**About this exercise:** Copy out the entries below in full and exactly.

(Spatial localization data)
....................
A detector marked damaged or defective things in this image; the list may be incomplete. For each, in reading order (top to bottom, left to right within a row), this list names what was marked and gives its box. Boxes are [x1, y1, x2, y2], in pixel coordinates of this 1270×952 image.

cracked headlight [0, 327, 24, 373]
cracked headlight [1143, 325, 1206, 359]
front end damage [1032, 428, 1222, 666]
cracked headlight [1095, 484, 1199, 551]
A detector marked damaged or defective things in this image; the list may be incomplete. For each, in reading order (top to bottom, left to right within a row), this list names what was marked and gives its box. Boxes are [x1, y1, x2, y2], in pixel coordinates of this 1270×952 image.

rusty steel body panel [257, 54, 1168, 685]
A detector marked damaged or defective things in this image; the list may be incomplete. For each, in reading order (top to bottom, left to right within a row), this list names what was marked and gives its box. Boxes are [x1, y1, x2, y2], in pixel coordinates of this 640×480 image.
....................
**Exercise answer:**
A detector marked damaged or defective things in this image; the list may be incomplete. For each, in reading order (top to bottom, left to right within a row), this list names what was marked and gives its box. Boxes are [x1, y1, x2, y2], in pixel coordinates of this 1270×952 image.

cracked headlight [0, 327, 24, 373]
cracked headlight [1143, 325, 1206, 359]
front end damage [1032, 428, 1222, 666]
cracked headlight [1095, 484, 1199, 551]
A detector marked damaged or defective things in this image; the list may be incomplete. For each, in reading order (top to bottom, left to right within a row), this list names what was marked and gives its box. Boxes are [x1, y1, x2, y2], in pixel coordinates of this 1270×952 image.

rusty steel body panel [257, 54, 1168, 685]
A detector marked damaged or defective things in this image; the list may be incomplete. For each, in reading order (top to bottom, left to right within a row), this list names what was marked and gives its box. Boxes are [x1, y1, x2, y2], in pixel coordinates of this 640×480 image.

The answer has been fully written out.